不安な場合は、申請先の行政庁に直接相談することをお勧めします。
経審評点への影響
更新手続きそのものは経審(経営事項審査)の評点に直接影響しませんが、更新時に許可要件を満たせていないと判明した場合、その状態が過去にさかのぼって指摘される可能性があります。これが経審結果の修正につながるケースもあるため、普段から許可要件の維持に注意が必要です。
よくある質問
Q:許可満了日が日曜日の場合、いつまでに申請すればいい? A:行政庁の営業日で判断されます。その前の営業日までに申請を完了してください。自治体ごとに運用が異なるため、申請先に確認しましょう。

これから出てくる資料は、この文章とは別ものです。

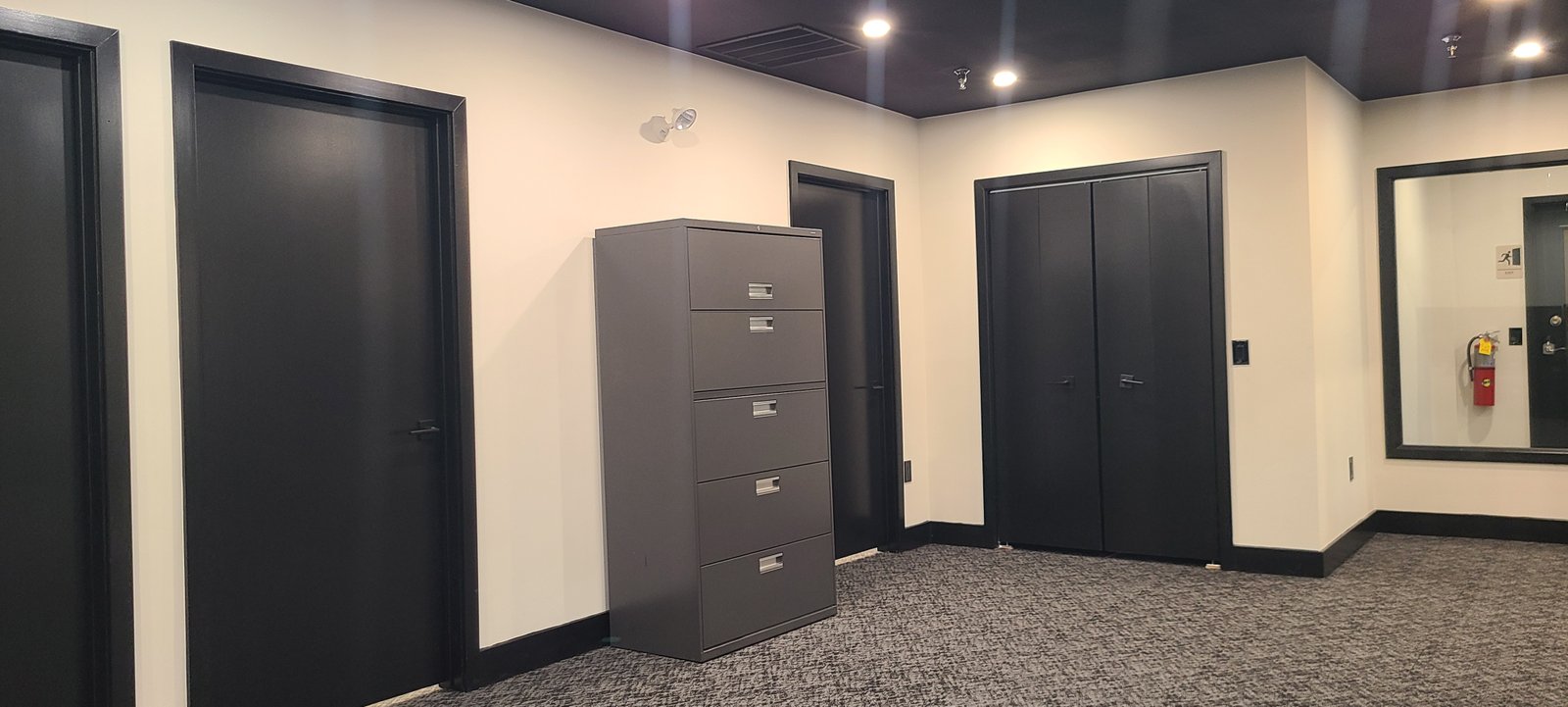 General office room angle two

Q:申請を提出したが、許可期間内に新しい許可が下りなかった場合は? A:建設業許可の更新申請が受理されていれば、新しい許可通知書が届くまでの間は、従前の建設業許可は有効とされます。
Q:更新と同時に業種を追加したい場合は? A:大臣許可の場合で、更新とともに般・特新規(一般建設業から特定建設業に変更する手続)や業種追加(許可業種を追加する手続)を行う場合には、許可満了日の6か月前までに申請する必要があります。通常の更新より早めに申請する必要があります。
まとめ
建設業許可の更新は、5年に一度だからこそ失敗しやすいタスクです。更新期限を過ぎると許可が失効し、新規申請からやり直す必要になるため、許可要件を再度満たすために多大な時間と労力がかかります。

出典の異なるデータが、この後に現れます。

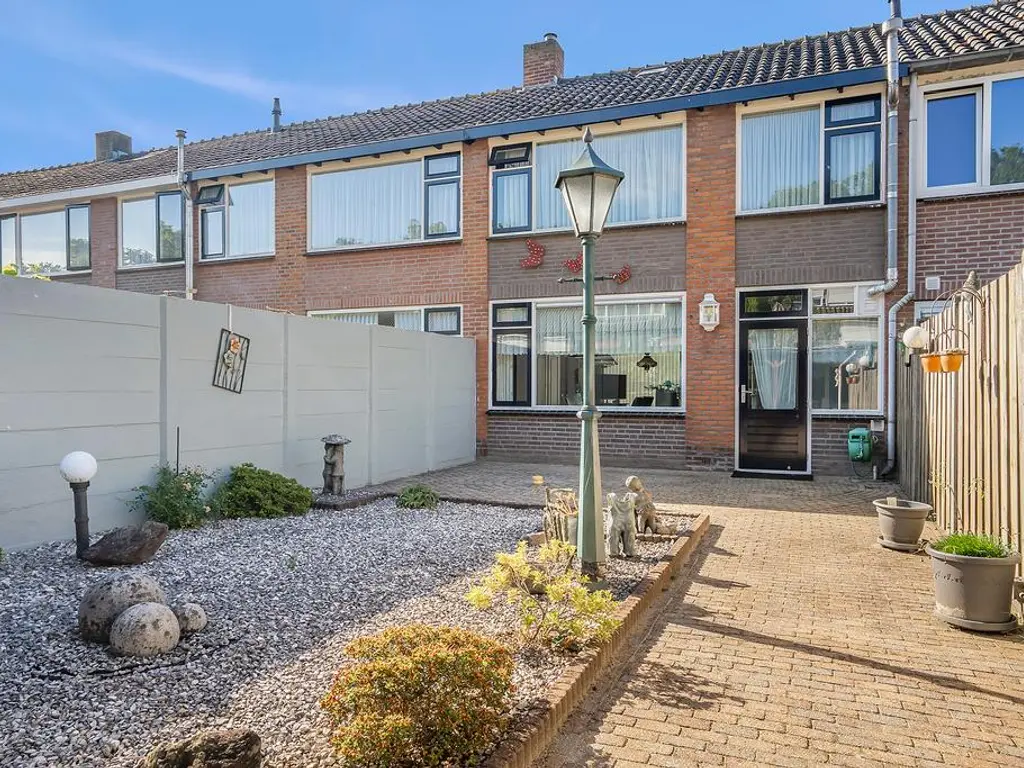 Averuitstraat 26, WAALWIJK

本ガイドで紹介したチェックリストを参考に、毎年の決算報告、必要な変更届の提出を確実に行い、更新期限の3か月前から準備を始めることが、確実で円滑な更新につながります。
不安な点があれば、申請先の行政庁や専門家(行政書士)に早めに相談することをお勧めします。
免責事項
この記事は一般的な建設業許可の更新手続きについて説明しています。具体的な申請方法、必要書類、申請期間は、申請先の行政庁(都道府県庁、国土交通大臣など)によって異なる場合があります。実際の更新申請にあたっては、申請先の行政庁の窓口に直接確認し、最新の手引きやガイドラインに従ってください。本記事は参考情報であり、法的なアドバイスではありません。法的問題については、行政書士や弁護士など専門家にご相談ください。